With the retreat of the coastline on around a fifth of the French coastline (excluding Guyana) according to the national indicator of coastal erosion, the Climate and Resilience law of 2021 provides for new provisions for municipalities on the front line facing the rise sea level and the increase in storms and sea floods.
The mayors will have to produce maps of the risk of coastal retreat at 30 and 100 years, a map which will serve as the basis for new rules for land use planning, going as far as building bans.
Initially, 126 municipalities are concerned, in mainland France and in the Overseas Territories, according to the list published on Saturday in the Official Journal, which will be revised at least every nine years. The majority are located on the Atlantic and Channel coasts (notably 41 in Brittany, 16 in Normandy, 31 in New Aquitaine).
"These 126 so-called priorities are ridiculous compared to the 864 municipalities threatened", regrets to AFP Elodie Martinie-Cousty, of the NGO France Nature Environnement.

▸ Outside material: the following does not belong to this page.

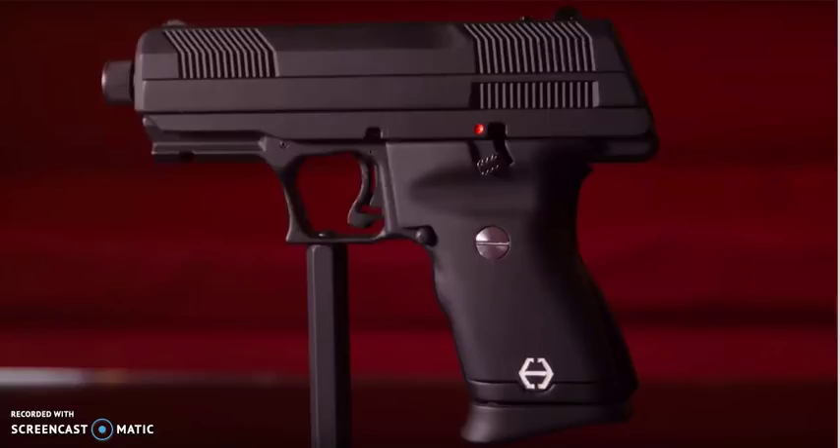The design is probably going to change over the course of the year, and again this is just a 3D printed model — not a working firearm. Compared to the regular High Point C9 there are a lot of differences you'll immediately notice, but also a lot of parts they share in common. That's going to be one of the ways High Point is going to keep the price low. They're still hoping for and predicting an MSRP of $200, and I'd say it's definitely going to be worth it compared to the base C9 you can buy right now.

According to official figures, 864 municipalities are "more particularly vulnerable" to marine flooding, phenomena of temporary flooding of coastal areas by the sea, especially during storms, which will increase with the rise in sea level caused by global warming. . And 1,5 million people live in these coastal floodplains.
But "we let too much build on the coast" and the new provisions "are not adapted to the challenges", considers Elodie Martinie-Cousty.
Those of the 126 municipalities that do not yet have a "coastal risk prevention plan" will have to carry out the mapping of the evolution of the coastline at 30 and 100 years.
"It interested me to know the points of vulnerability of the municipality and to be able to say to the population + attention we are in very sensitive areas +", comments the mayor of Trégastel (Côtes d'Armor) Xavier Martin, welcoming the financing by the State 80% of the cost of these maps which he sees as a tool for "anticipating risk".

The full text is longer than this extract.